INFORMATION SHOWN:
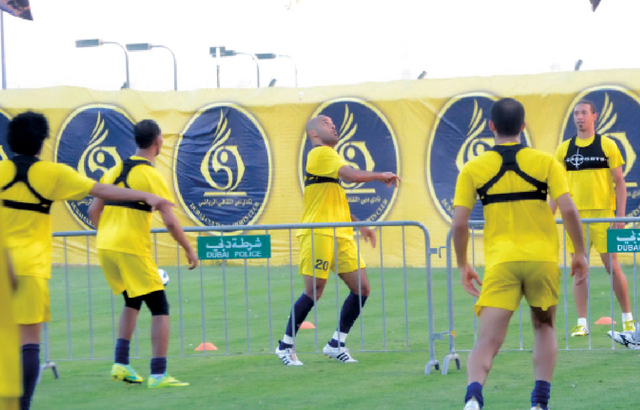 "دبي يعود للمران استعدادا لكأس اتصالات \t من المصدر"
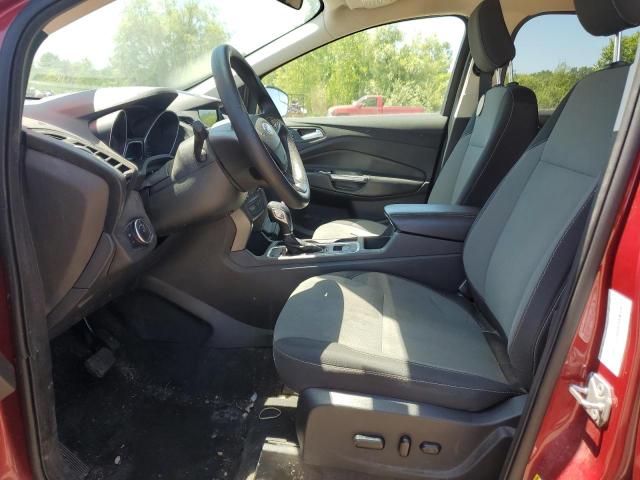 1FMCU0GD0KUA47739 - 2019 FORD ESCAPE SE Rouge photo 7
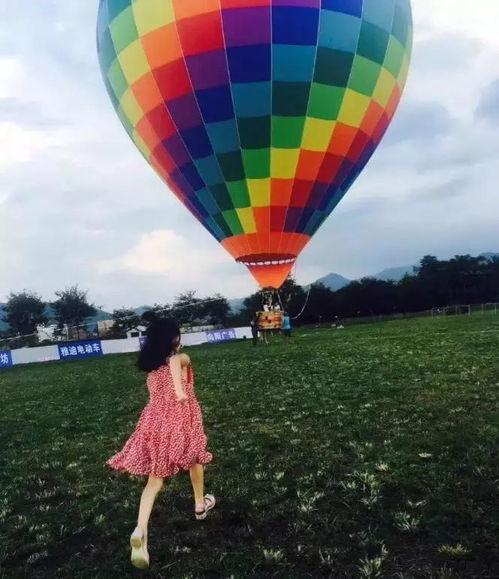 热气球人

YOUR OBJECTIVE:
Repeat the line containing "1FMCU0GD0KUA47739 - 2019" and every line after it up to the end of the material above, exactly as they stand, minus the pictures.

RESPONSE:
 1FMCU0GD0KUA47739 - 2019 FORD ESCAPE SE Rouge photo 7
 热气球人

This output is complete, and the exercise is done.